Attorneys for Lay and Skilling have asked that the trial be moved to Phoenix or Denver because of strong bias against the defendants in the company's home town of Houston. About 80 percent of the potential jury members indicated in questionnaires they held negative views of the defendants.

The bankruptcy filing of Enron in 2001 was the largest ever at the time, and came after it was revealed that the company's bookkeeping hid billions of dollars in debt.

The decision to put up a Web site in July 2004 was made by Lay's legal defense team as part of their strategy to "get everything in the public as soon as possible" in an effort to combat media spin, Ramsey said.

Also posted on the site are court filings made by Lay's lawyers, footage from press conferences and the text of speeches that Lay has made since his arrest. But unlike similar sites, it has no link to an e-mail address for Lay.

Using the Internet as part of an accused corporate criminal's public relations strategy is relatively new. Ramsey has been practicing law for 40 years and said this was the first time he had used a Web site for a client.

"It appears that the rules of defending high-profile business persons accused in white-collar crimes are being rewritten," Ross Albert, a partner at Morris, Manning & Martin in Atlanta, who worked as an attorney at the Securities and Exchange Commission, said. "Under the old rules, you didn't say anything publicly."

He added that putting up a Web site is also a cost-effective means of communicating with the public. "Web sites cost almost next to nothing when you are talking about a $20 million defense effort," Albert said.

Martha Stewart, the former chief executive of media company Martha Stewart Living Omnimedia Inc. (MSO) who served five months in federal prison for lying about a suspicious stock sale, used now-defunct Web site marthatalks.com during her trial to post letters, and receive e-mail feedback from supporters or detractors.

While in jail, Stewart sent dispatches from Alderson Federal Prison camp that were posted on her site. The site received millions of hits, and is credited with helping soften her image.

Former HealthSouth chief executive Richard Scrushy also took his case to the public on the Internet on his still functioning site called "Setting the record straight" at http://www.richardmscrushy.com

A jury in Birmingham, Ala. acquitted Scrushy in June 2005 of all criminal charges in connection with a $2.7 billion accounting fraud he was accused of directing at the company that runs rehabilitation hospitals and surgical centers.

But some legal experts question the effectiveness of Web sites in a white-collar defense and said Scrushy's victory had little to do with his publicity campaign on the Web.

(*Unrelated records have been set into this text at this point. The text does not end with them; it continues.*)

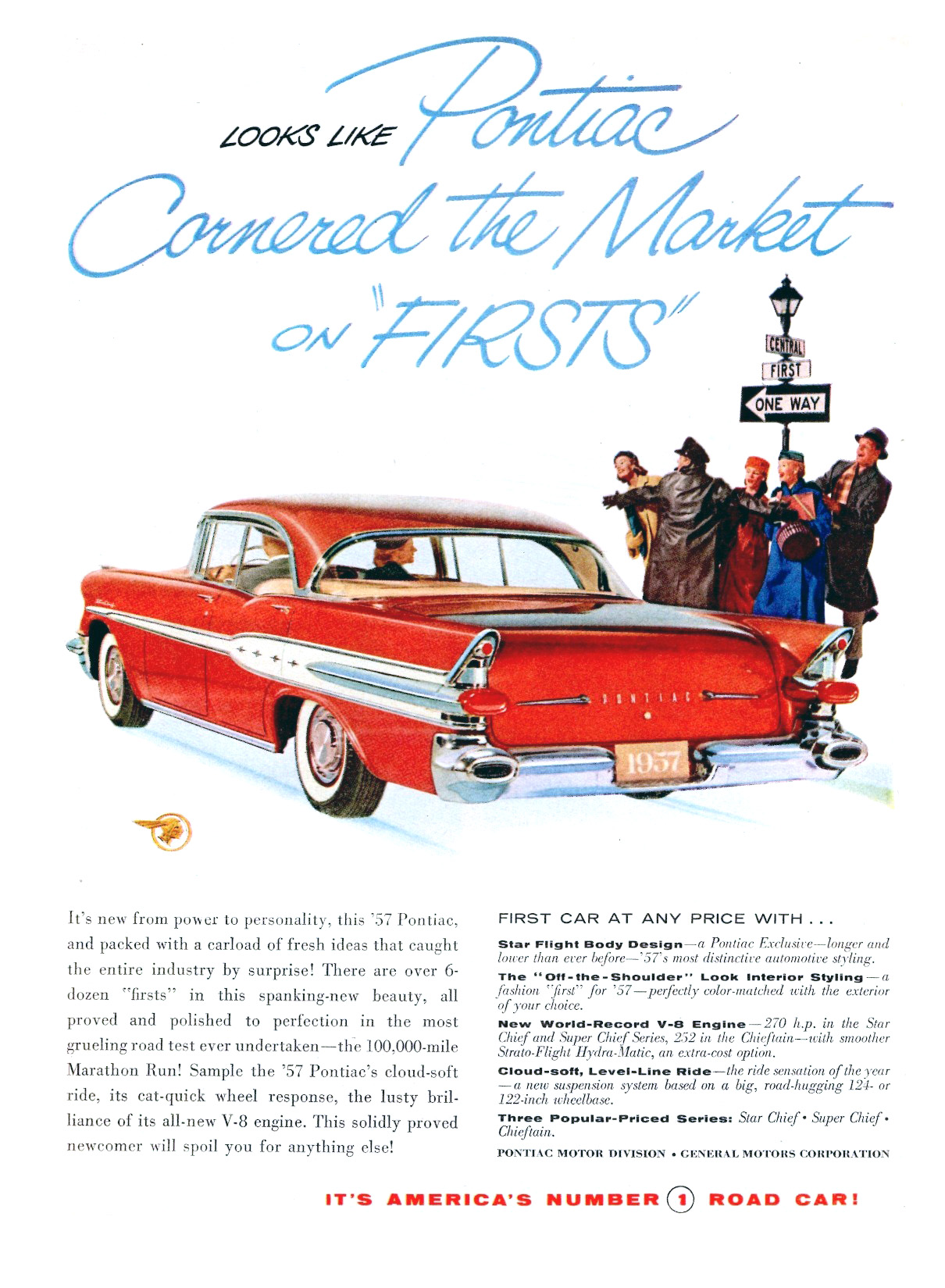 Pontiac Ad (December, 1956) - Star Chief Catalina 4-Door - Looks like Pontiac Cornered the Market of “Firsts”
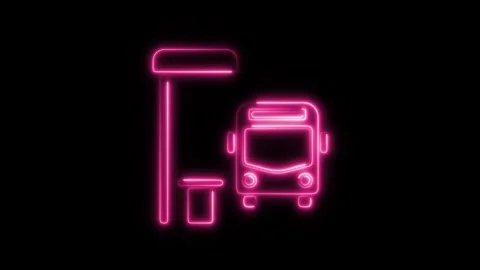 Glowing neon bus stop icon isolated on black background. HD Video motion gr.. Stock Footage 304152822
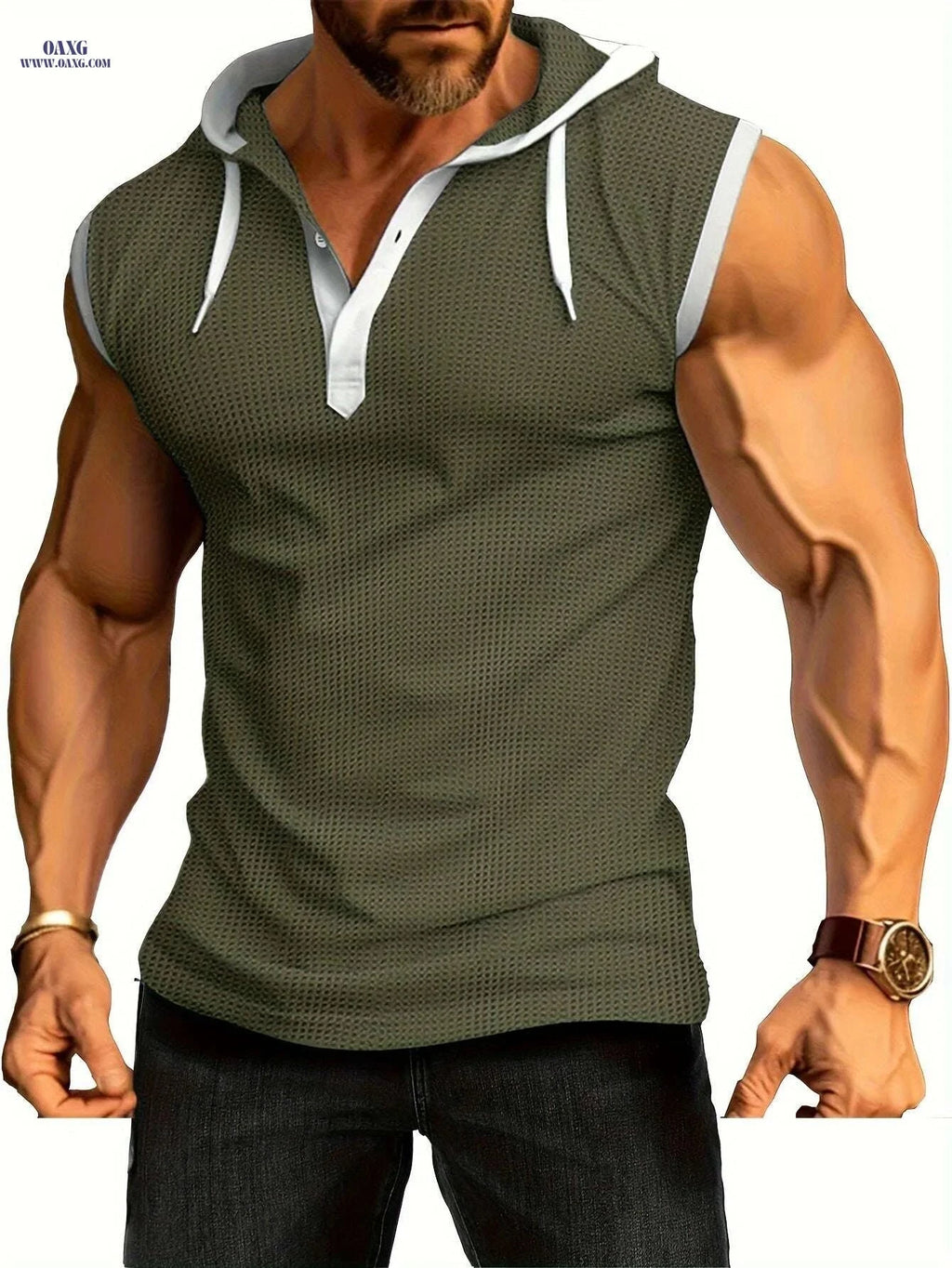 Summer Fitness Men's Hooded Tank - Casual Color Block Vest   OAXG 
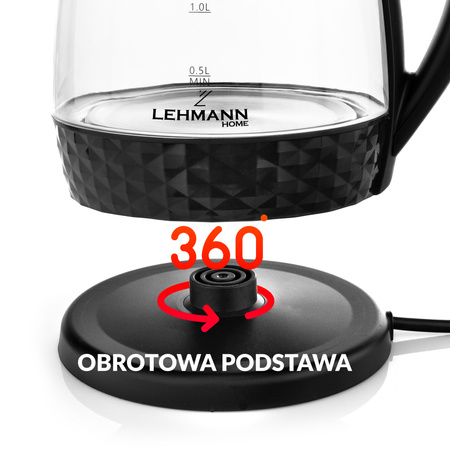 Czajnik elektryczny szklany Aqua Glass 30 (2L, 2200W) Lehmann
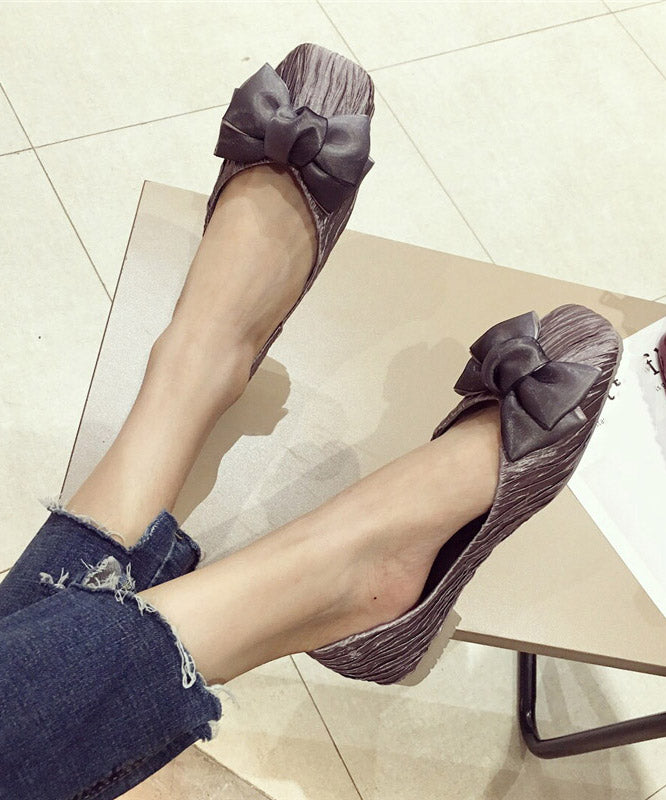 Elegant Grey Bow Pleated Penny Loafers Flats Shoes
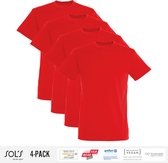 4 Pack Sol's Heren T-Shirt 100% biologisch katoen Ronde hals Rood Maat S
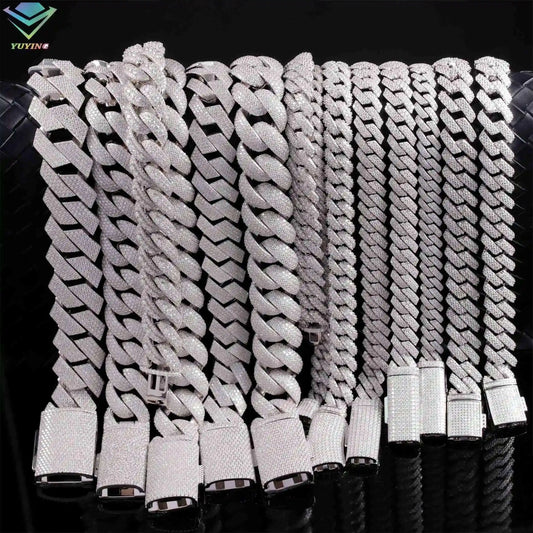 Full Ice Out Mossanite Cuban Chain 6mm 9mm 13mm 2rows 925 Sterling Silver Chain Hip Hop Necklace VVS Moissanite Cuban Link Chain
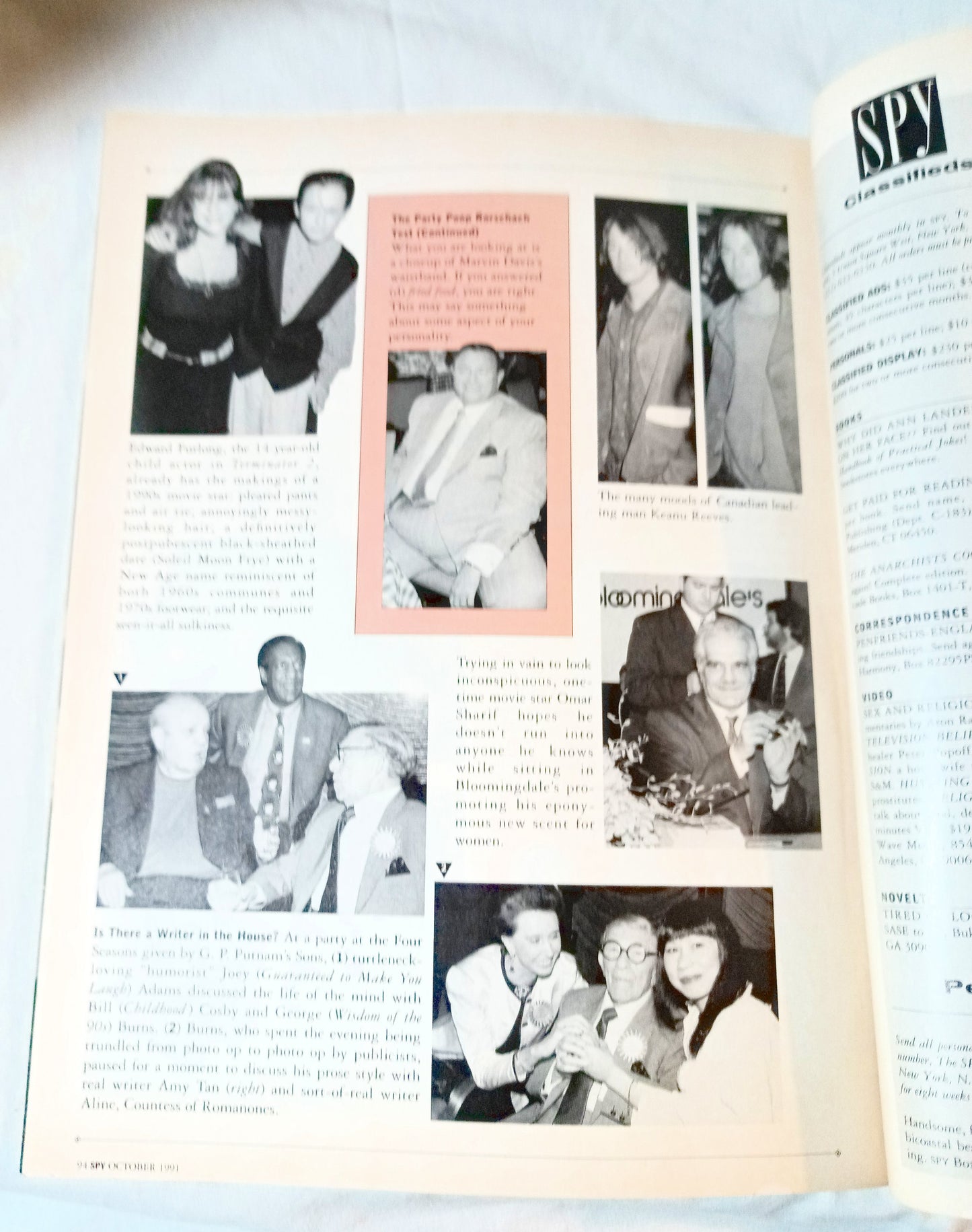 Spy Magazine Oct 1991 5th Anniv Issue Leno Kennedy Babies Comic Spy100 - TulipStuff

"It's a scatter-shot strategy," said Pamela Bucy, a law professor at the University of Alabama, who specializes in white-collar crime. "You don't know if you are reaching potential jurors or even generically altering public opinion."

Bucy said that Scrushy's acquittal had nothing to do with his high profile outside the courthouse but with the way the case was tried.

"The government has a very high burden of proof," Bucy said. "If it meets that burden, none of this stuff will matter."